§ Directions
Whenever a line contains the string "wooden", copy it out of the entries.

§ Short web captions

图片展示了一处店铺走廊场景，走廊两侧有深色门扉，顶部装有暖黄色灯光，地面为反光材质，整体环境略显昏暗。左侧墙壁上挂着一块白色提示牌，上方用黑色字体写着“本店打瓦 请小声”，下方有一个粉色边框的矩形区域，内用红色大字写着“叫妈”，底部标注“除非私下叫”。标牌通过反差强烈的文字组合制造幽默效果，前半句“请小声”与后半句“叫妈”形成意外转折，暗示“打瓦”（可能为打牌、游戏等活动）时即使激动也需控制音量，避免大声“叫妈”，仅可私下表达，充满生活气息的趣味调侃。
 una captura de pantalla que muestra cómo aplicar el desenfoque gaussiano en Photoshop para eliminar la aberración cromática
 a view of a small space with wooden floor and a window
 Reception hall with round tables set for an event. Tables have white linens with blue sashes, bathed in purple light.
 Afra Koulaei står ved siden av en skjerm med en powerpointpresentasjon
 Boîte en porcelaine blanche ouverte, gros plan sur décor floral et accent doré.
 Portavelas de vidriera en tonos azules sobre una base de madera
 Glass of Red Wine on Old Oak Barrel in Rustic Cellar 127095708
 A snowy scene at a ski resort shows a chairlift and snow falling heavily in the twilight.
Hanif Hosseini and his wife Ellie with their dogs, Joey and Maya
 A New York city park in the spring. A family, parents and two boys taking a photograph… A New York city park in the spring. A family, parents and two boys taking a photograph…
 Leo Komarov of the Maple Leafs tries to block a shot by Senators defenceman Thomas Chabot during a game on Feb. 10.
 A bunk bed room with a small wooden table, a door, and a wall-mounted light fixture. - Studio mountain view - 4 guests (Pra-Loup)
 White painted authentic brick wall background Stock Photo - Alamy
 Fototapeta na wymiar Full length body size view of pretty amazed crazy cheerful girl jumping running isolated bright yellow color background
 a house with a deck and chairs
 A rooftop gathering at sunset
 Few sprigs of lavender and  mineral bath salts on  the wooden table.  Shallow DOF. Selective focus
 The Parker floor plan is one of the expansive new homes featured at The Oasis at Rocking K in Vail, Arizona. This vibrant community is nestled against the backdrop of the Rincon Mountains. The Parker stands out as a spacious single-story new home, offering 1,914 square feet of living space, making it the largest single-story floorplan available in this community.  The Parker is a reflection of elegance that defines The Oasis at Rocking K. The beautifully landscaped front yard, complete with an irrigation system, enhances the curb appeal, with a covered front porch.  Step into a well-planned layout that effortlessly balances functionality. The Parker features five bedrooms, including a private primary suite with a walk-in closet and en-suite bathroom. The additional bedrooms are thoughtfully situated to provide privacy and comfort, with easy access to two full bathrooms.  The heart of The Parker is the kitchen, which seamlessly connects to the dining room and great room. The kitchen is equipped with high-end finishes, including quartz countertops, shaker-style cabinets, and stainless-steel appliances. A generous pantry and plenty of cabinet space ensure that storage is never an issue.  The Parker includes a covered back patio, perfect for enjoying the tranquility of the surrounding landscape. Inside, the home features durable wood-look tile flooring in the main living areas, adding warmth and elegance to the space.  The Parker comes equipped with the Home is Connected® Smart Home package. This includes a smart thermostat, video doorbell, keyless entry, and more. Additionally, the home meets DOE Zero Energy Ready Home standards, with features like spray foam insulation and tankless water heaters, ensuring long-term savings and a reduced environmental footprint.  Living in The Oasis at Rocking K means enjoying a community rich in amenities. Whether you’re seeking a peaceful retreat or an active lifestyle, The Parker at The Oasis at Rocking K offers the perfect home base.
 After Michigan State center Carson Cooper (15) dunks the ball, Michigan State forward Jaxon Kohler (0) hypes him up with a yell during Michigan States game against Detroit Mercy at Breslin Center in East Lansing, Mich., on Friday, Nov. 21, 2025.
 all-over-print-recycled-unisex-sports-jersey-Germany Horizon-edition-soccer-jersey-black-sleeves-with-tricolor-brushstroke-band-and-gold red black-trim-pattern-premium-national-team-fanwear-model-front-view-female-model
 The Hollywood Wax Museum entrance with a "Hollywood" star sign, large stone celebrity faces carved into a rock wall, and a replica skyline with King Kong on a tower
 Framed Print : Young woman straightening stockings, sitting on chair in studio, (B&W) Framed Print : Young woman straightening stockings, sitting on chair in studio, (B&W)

§ Completed exercise
 a view of a small space with wooden floor and a window
 A bunk bed room with a small wooden table, a door, and a wall-mounted light fixture. - Studio mountain view - 4 guests (Pra-Loup)
 Few sprigs of lavender and  mineral bath salts on  the wooden table.  Shallow DOF. Selective focus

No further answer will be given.